Monday, August 6, 2007

The Basics - The 14 principles of Toyotas Success

Let's get to the basics.

Toyota is right now the leading car manufacturing company in the world, no doubt about it. Toyota is now making also steps in the truck manufacturing market with HINO, if companies do not start doing something soon, the big truck manufacturing companies will be facing the reality of the BIG 3 (lost in sales, layoffs and........)

The following are the basics for Toyota, when you read them you will see that this is not things that are out of the word, this is COMMON SENSE, but we humans tend to make things complicated.............. Why other companies have not been able to implement lean like Toyota has done is a topic for another post, I hope you enjoy this one:

Principle 1. Base your management decisions on a long-term philosophy,
even at the expense of short-term financial goals

Principle 2. Create a continuous process flow to bring problems to the surface.

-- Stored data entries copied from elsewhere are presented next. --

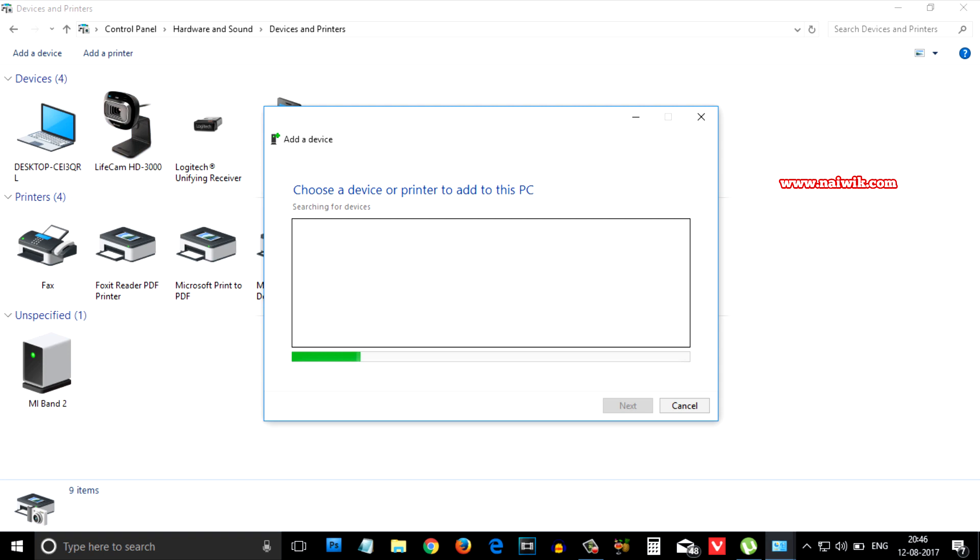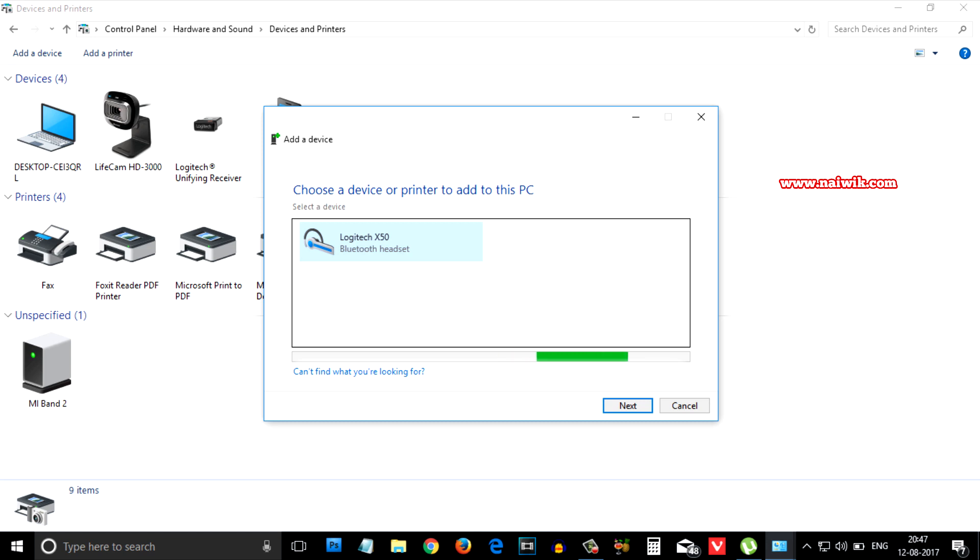Now, your Windows 10 PC searches for the Bluetooth devices. Here, you can see that Logitech X50 is showing up.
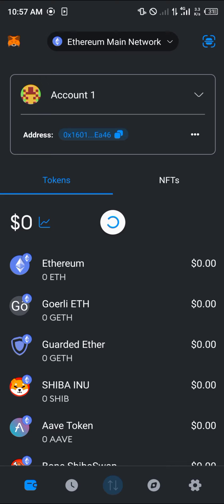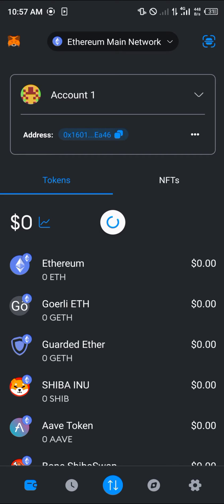It's quite a simple process once you've logged into your MetaMask. Make sure you're on the desired network — for this we're going to be working with the Ethereum main network, but you can simply use any of the other available networks.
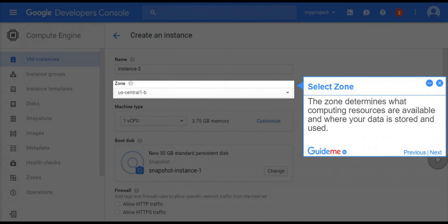Step 7, select zone. The zone determines what computing resources are available and where your data is stored and used.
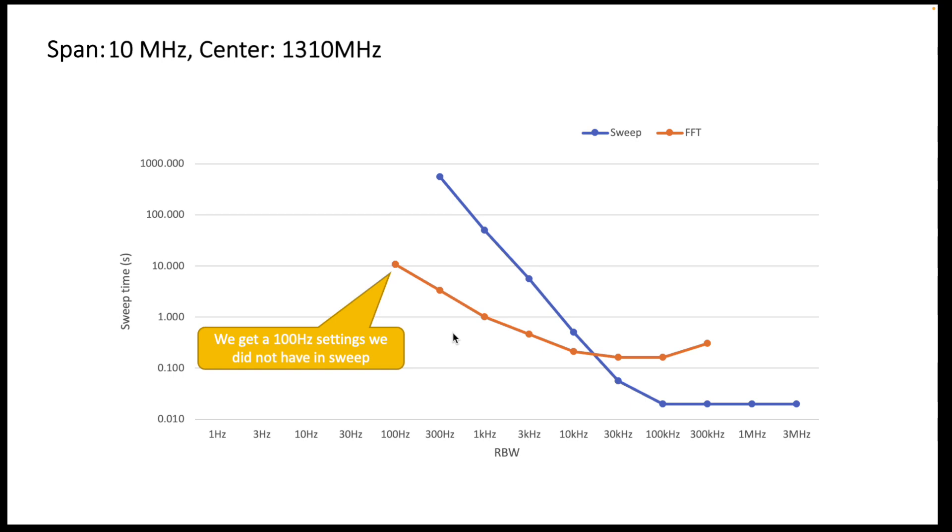So actually we are seeing at this particular setting of the device a very significant improvement in time by using FFT in certain resolution bandwidths.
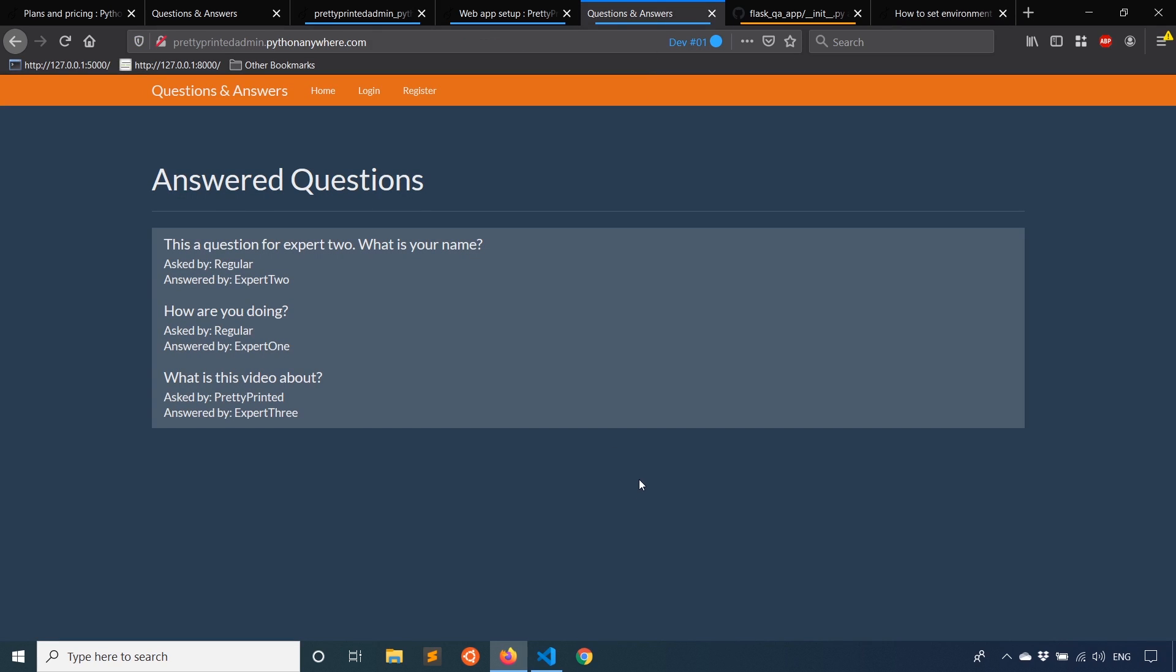So that's it for this video. If you have any questions about deploying to PythonAnywhere, feel free to leave a comment down below. If you like this video, please give me a thumbs up. And if you haven't subscribed to my channel already, please subscribe. Thank you for watching and I will talk to you next time.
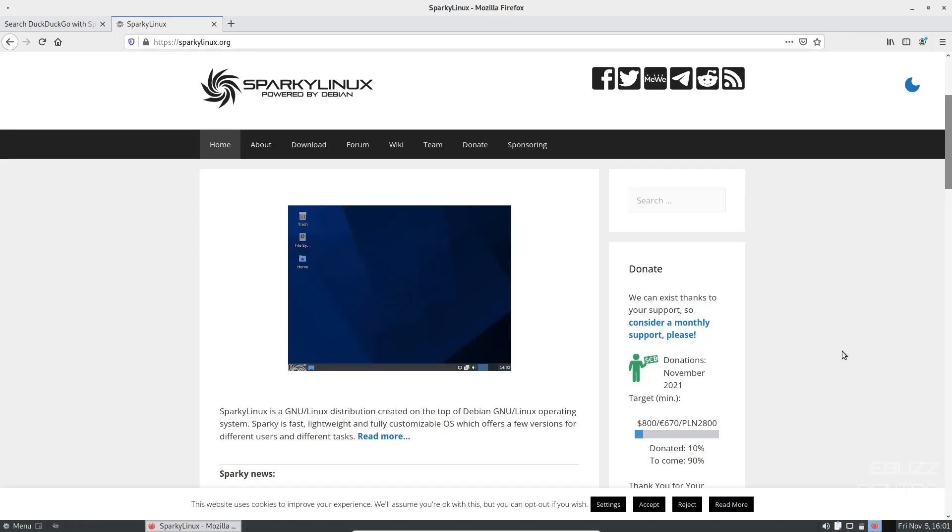Hey everybody, this is Troy with eBuzz Central. Today we're going to take a look at Sparky Linux, the newest release. It's got the Mate desktop and it's based on Debian.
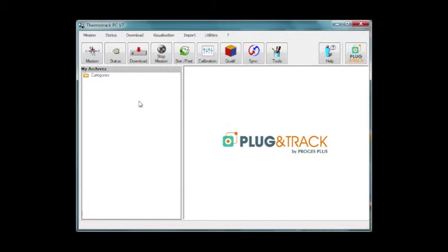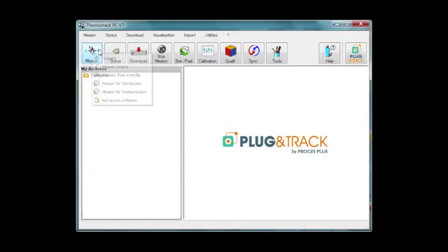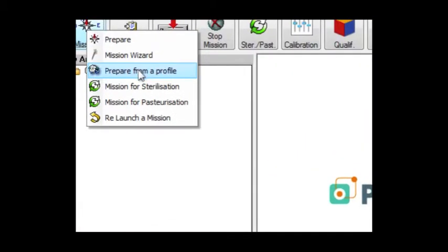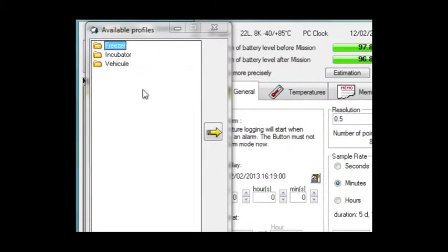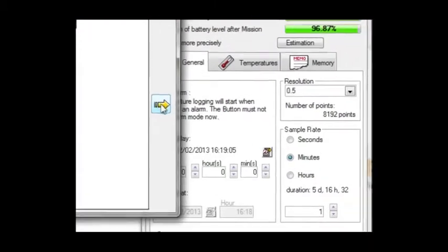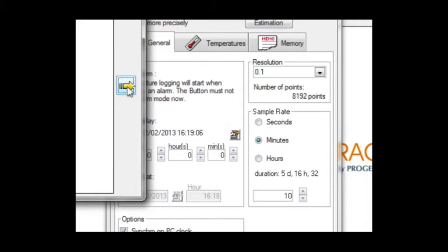The third possibility is to use a preset mission profile. Profiles are typical settings that you often use. You can create as many profiles as you like. Choose one of the profiles you have created, click the arrow and all the settings will be copied in the mission window.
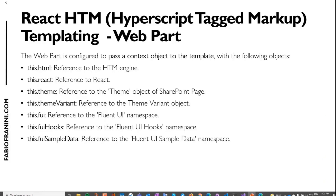The context object contains several fields: a reference to the HTML engine, a reference to React, the theme object, and the theme variant — so if you use the web part inside a section with a variant background, that theme variant is available in the context. Additionally there are three more objects: FUI, which is a reference to the Fluent UI namespace containing all its controls; Fluent UI hooks, which are useful inside your template; and for this sample, an object containing Fluent UI sample data to demonstrate how to use the template inside the web part.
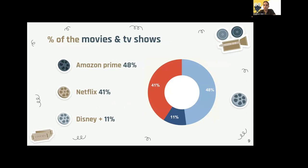The second is Netflix with 41 percent, and the last is the newest platform, Disney Plus, with 11 percent. In terms of content comparison, each platform offers a wide selection of movies and TV shows. We noticed all platforms have more movies than TV shows.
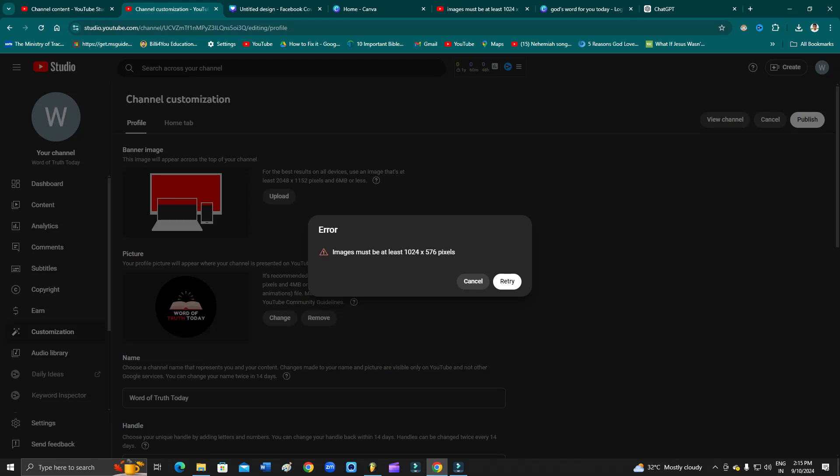Hey guys, welcome back to 1 Million Artists YouTube channel. In this video I'm going to show you how you can fix this error showing up on your YouTube Studio while trying to upload your YouTube channel banner.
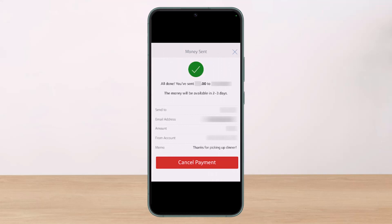It is good to know that Zelle doesn't charge a fee for canceling a payment. On the other hand, canceling won't be possible if the person is already enrolled with Zelle. Keep in mind that Zelle sends money to the recipient's bank account right away — as soon as you hit Send, your money is gone.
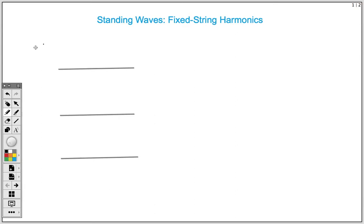Physics lesson with Mr. M. In this video lesson I'm going to be focusing on standing waves, particularly fixed string harmonics. And by a fixed string, we mean a string that is not moving at both ends of the string.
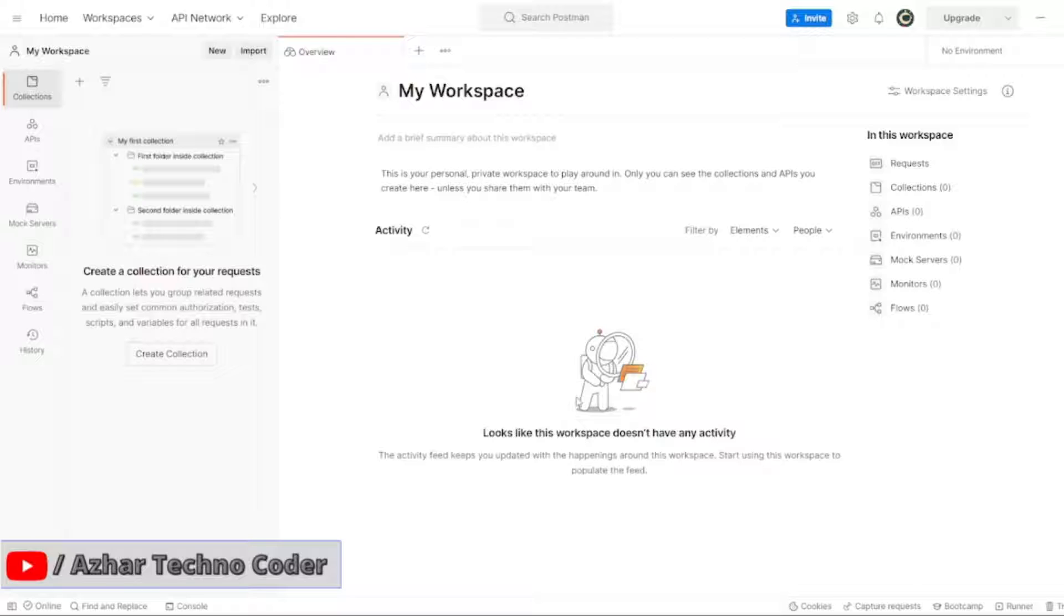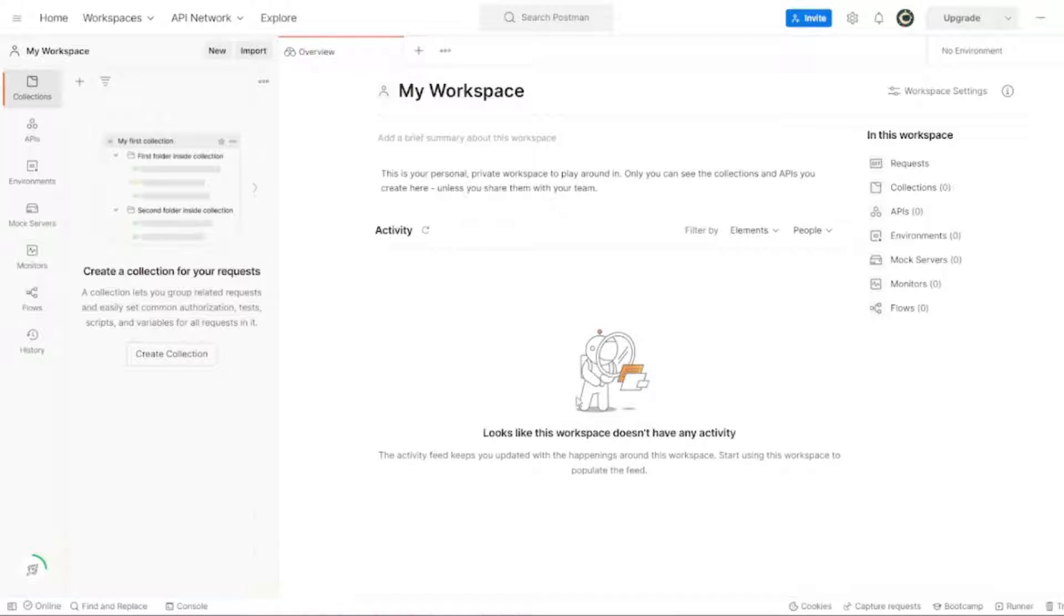Guys, in this video we are going to discuss how to change the theme of Postman. See, it is looking in a bright white color right? It might affect our eyes.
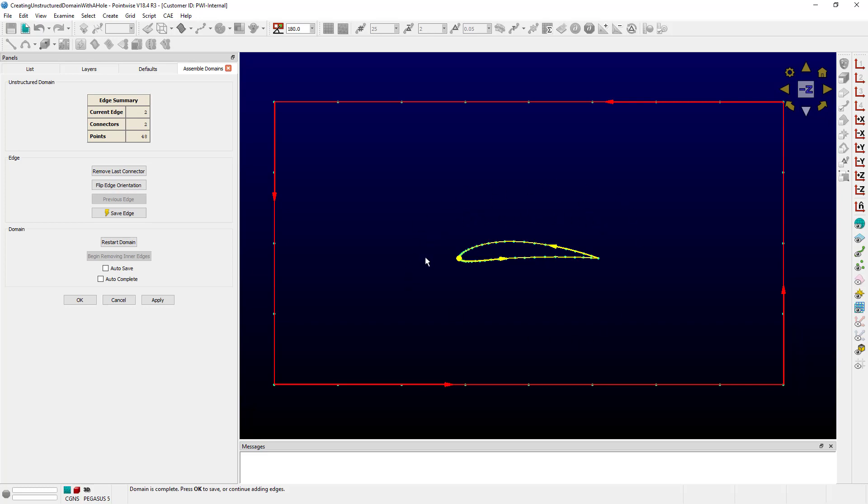But that's pretty easy. We just go over to this button that says Flip Edge Orientation, like that, and you can notice now that the airfoil edge is going in the clockwise direction, the opposite of the counterclockwise that we see out here.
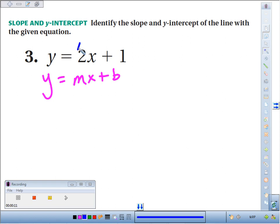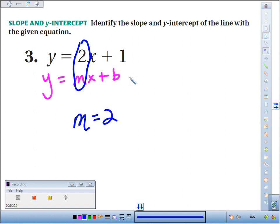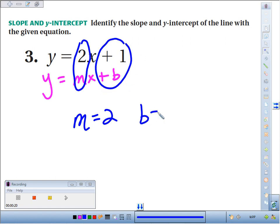Our slope, which is our m variable, is always the coefficient of x. So our slope is 2, and our y-intercept is the number by itself, so our y-intercept is 1.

Principle 3. Use “pull” systems to avoid overproduction.

Principle 4. Level out the workload (heijunka). (Work like the tortoise, not
the hare.)

Principle 5. Build a culture of stopping to fix problems, to get quality right
the first time.

Principle 6. Standardized tasks and processes are the foundation for continuous
improvement and employee empowerment.

Principle 7. Use visual control so no problems are hidden.

Principle 8. Use only reliable, thoroughly tested technology that serves your
people and processes.

Principle 9. Grow leaders who thoroughly understand the work, live the
philosophy, and teach it to others.

Principle 10. Develop exceptional people and teams who follow your company’s

Principle 11. Respect your extended network of partners and suppliers by
challenging them and helping them improve.

Principle 12. Go and see for yourself to thoroughly understand the situation
(genchi genbutsu).

Principle 13. Make decisions slowly by consensus, thoroughly considering
all options; implement decisions rapidly (nemawashi).

Principle 14. Become a learning organization through relentless reflection
(hansei) and continuous improvement (kaizen).